There are doubtless some persons, especially those persons who consider that to enjoy life a superabundance or even a plethora of material comforts are necessary, who, after reading a description of the home and fare of the Japanese peasant, will assume that his life is a burden and that he derives no enjoyment whatever from it. Nothing could be more erroneous. There is probably not a morejoyous being on the face of the globe than the Japanese. His wants are few, and in that fact probably lies his happiness. He does not find his enjoyment in material things, but he has his enjoyment all the same, and I think on the whole that he probably gets more out of life and has more fitting ideas regarding it than the Englishman who considers an abundance of beef and beer its objective point.
To me one of the most pleasing features of Japan is the fondness and tenderness of the Japanese of all ranks and classes for children. The Japanese infant is the tyrant of Japan, and nothing is good enough for it. The women, as most people know, carry their babies on their backs instead of in their arms. A baby is, however, not so for very long in Japan. Very young Japanese girls may be seen carrying their little baby brothers and sisters behind their backs, and thus learning their maternal duties in advance. The position of women in Japan, married women, is not so satisfactory as it ought to be. The laws in regard to divorce are, I think, too easy, and a Japanese possesses facilities for getting rid of his wife which does not tend to the conservation of home-life. The custom, which was at one time universal, of women blackening their teeth, has largely diminished, and will no doubt in due course become obsolete. The idea which underlay it was that the woman should render herself unattractive to other men. There was no object in having such an adventitious attraction as pearly teeth for her husband, who might be presumed to know what her attractions really were. The Japanese woman in her education has inculcated three obediences, viz., obedience to parents, obedience to husband, and after the death of the latter obedience to son.
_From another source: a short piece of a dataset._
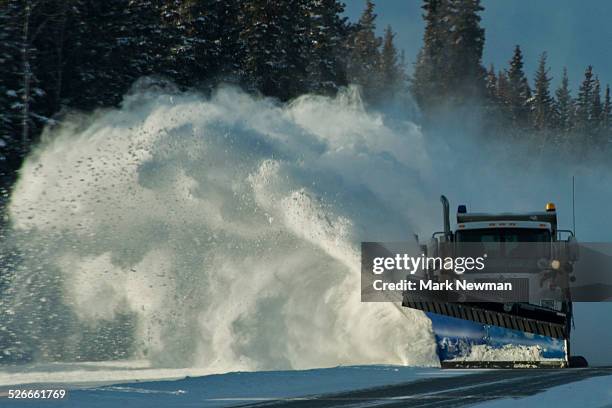 snowplow blowing snow off road - removedor de neve snow mobile - fotografias e filmes do acervo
Although the Japanese girl comes of age at 14 she cannot marry without her father’s consent until she is 25.
The dress of the Japanese people is so well known that it is not necessary for me to describe it. The kimono is, I think, a graceful costume, and I am very sorry that so many women in the upper classes have discarded the national dress for European garments. Japanese women who wear the national costume do not don gloves. If their hands are cold they place them in their sleeves, which are long and have receptacles containing many and various things, including a pocket-handkerchief, which is usually made of paper, and sometimes a pot of lip-salve to colour the lips to the orthodox tint. The poorer classes, of course, do not go in for such frivolities. Talking of paper handkerchiefs reminds me of the innumerable uses to which paper is put in Japan; it serves for umbrellas and even for coats, and is altogether a necessity of existence almost for the great mass of the people.
I have referred to the lack of what may be deemed material comforts in Japan, as also to the fact that the Japanese are a joyous race but that their enjoyment is not of a material nature. They are, in fact, easily amused, and their enjoyment takes forms which would hardly appeal to a less emotional people. In the large towns the theatre is a perennial source of amusement. I have referred to the theatre in the chapter dealing with the drama, and remarked therein that the excess of by-play, irrelevant by-play, in a Japanese drama was rather wearisome to the European spectator. Not so to the Japanese. He positively revels in it. The theatre is for him something real and moving. He has, whatever his age, all the zest of a youth for plays and spectacles. How far the Europeanising of the country, which is having, and is bound still further to have, an effect on dramatic art, will affect the amusements of the people and their pronenessfor the theatre remains to be seen. There is so far nothing approaching the English music-hall in Japan. Let me express a hope that there never will be. It is a long cry from the graceful Geisha to the inanities and banalities which appear to be the stock-in-trade of music-hall performances in this country. These appear to meet a home want, but I sincerely trust they will be reserved for home delectation and not be inflicted in any guise upon Japan. The matter of music-halls suggests some reference to the ideas of the Japanese in respect of music. The educated classes appear to have an appreciation of European music, but Japanese music requires, I should say, an educational process. Some superficial European writers declare that the Japanese have not the least conception of either harmony or melody, and that what passes for music in the country is simply discord. It might have struck these writers that criticism of this kind in reference to a most artistic people could hardly be correct. Any one who has listened to the Geisha or heard the singing of trained Japanese would certainly not agree in such statements as I have referred to. Japanese music is like Japanese art—it has its own characteristics and will, I am sure, repay being carefully studied.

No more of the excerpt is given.